Paint: The texture of buttermilk paint can be achieved by using a water-based acrylic latex paint. If applied directly on a wood surface, especially a softwood, the water in the paint will cause the grain to raise slightly, producing that old-looking texture. If a second coat is desired, sand lightly with 220 grit and apply the second coat. Again, all brush strokes should follow the wood’s grain, especially on stiles and rails and drawer fronts. When the paint has hardened, in a day or two, it can be waxed with paste wax for a dull, deep sheen. If steel wool is used in applying the wax, the surface will appear slightly metallic and might enhance certain dark blues and greens. For earth tone colors this translucence can be achieved by using a pigmented wax. A drop or two of universal colorant, sienna or umber, added to clear paste wax will work well. In buffing wax from a painted surface, a lint-free cloth should be used, and all excess wax should be removed. If a harder surface is desired, a painted finish can be varnished and steel-wooled following the method already described.
In working with Shaker forms it is unwise to over finish. High-gloss, slick finishes might be appropriate to Chippendale or certain modern forms, but they don’t seem appropriate to the simplicity that is inherent in these designs. Therefore I strongly recommend paint or rubbed oil as a finish. I also recommend that heavy staining be avoided. In time the sun and air will color the wood with a subtlety unmatched by anything that comes from a can.

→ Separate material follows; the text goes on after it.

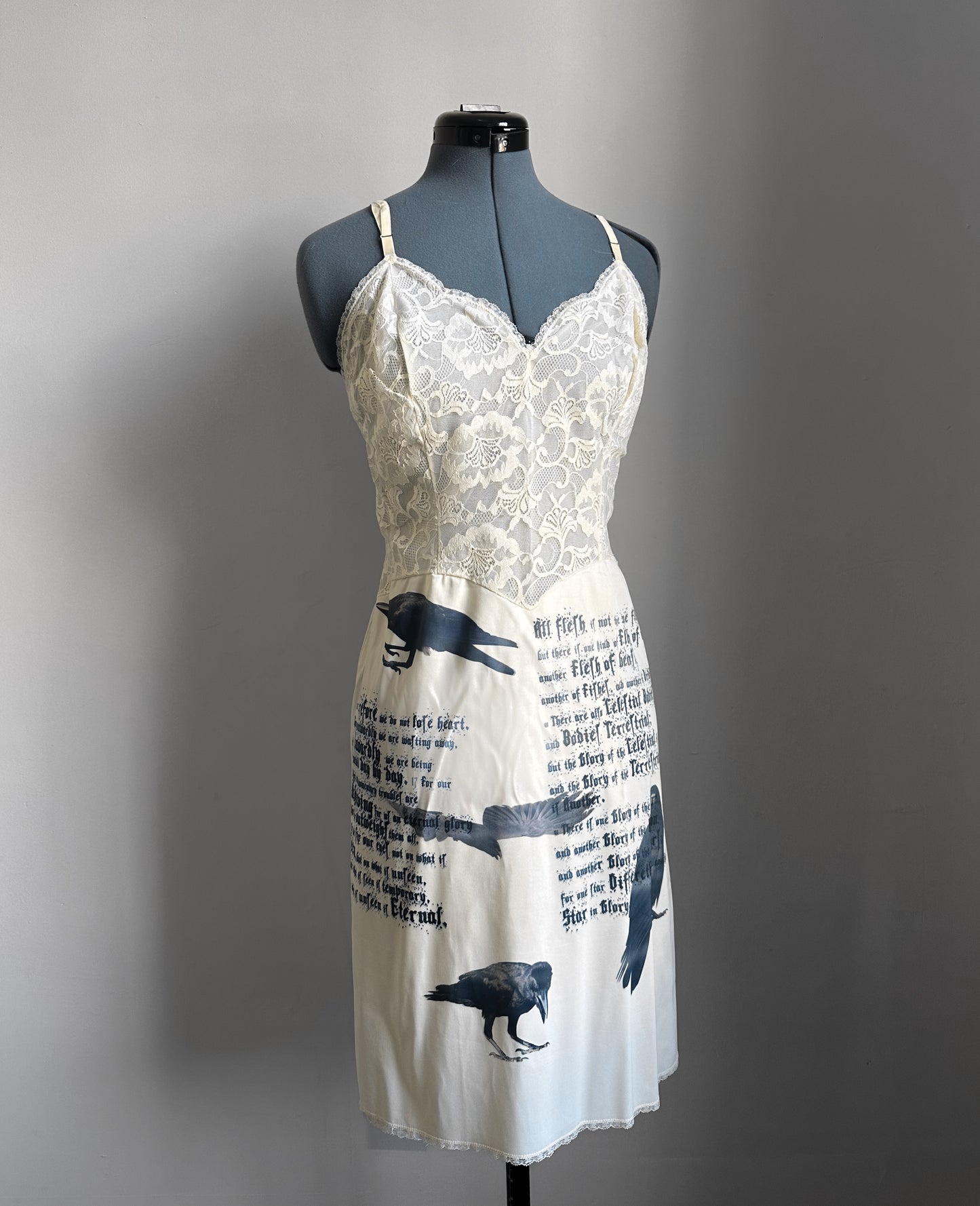 Crow dress (M)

LIVING WITH SHAKER FURNITURE
There is an art to living with these creations. They won’t behave like Formica, but will swell and move from time to time. And they certainly will need occasional attention. Because we are dealing with solid wood, every effort should be made to place furnishings away from direct heat sources, such as radiators and, especially, hot air outlets. Also, large cases should not be pushed against baseboard heating elements since, in addition to producing split wood, this will result in inadequate heat circulation. If at all possible, the house should be equipped with a humidifier in winter to keep the humidity close to 50 percent. Remember, one reason two-hundred-year-old antiques have survived is that they were used in houses without central heating for the first one hundred and seventy five years. Extremes in temperature and humidity will wreak havoc with wood.

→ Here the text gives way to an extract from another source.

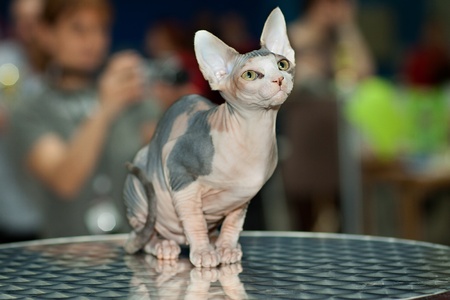 A little funny Sphynx cat posing for a cat showの写真素材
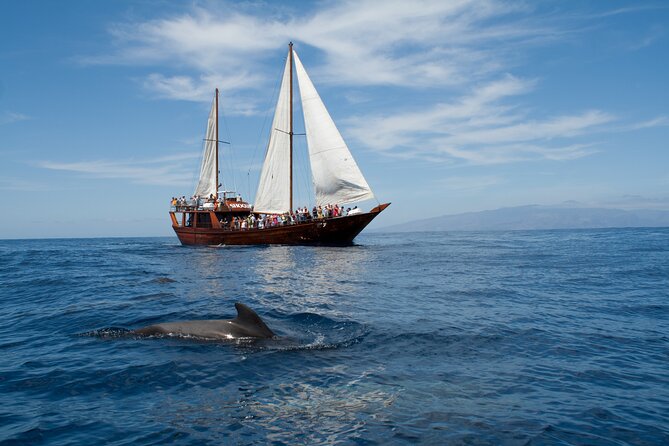 Whale Safari to Los Gigantes with pickup from North - Key things to know before booking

If your carefully finished table shows the marks of use, do not despair. A wear mark here, a slight burn there, a dent where one of the kids dropped a toy, surface scratches left by a pencil used in doing homework, the vestige of a telltale ring made two New Year’s Eves ago-all these emboss a tabletop giving it warmth and charm and attesting to the life cycle of a family.
At left, a craftsman at the Pleasant Hill Shaker Community demonstrates the 19th Century use of a spokeshave.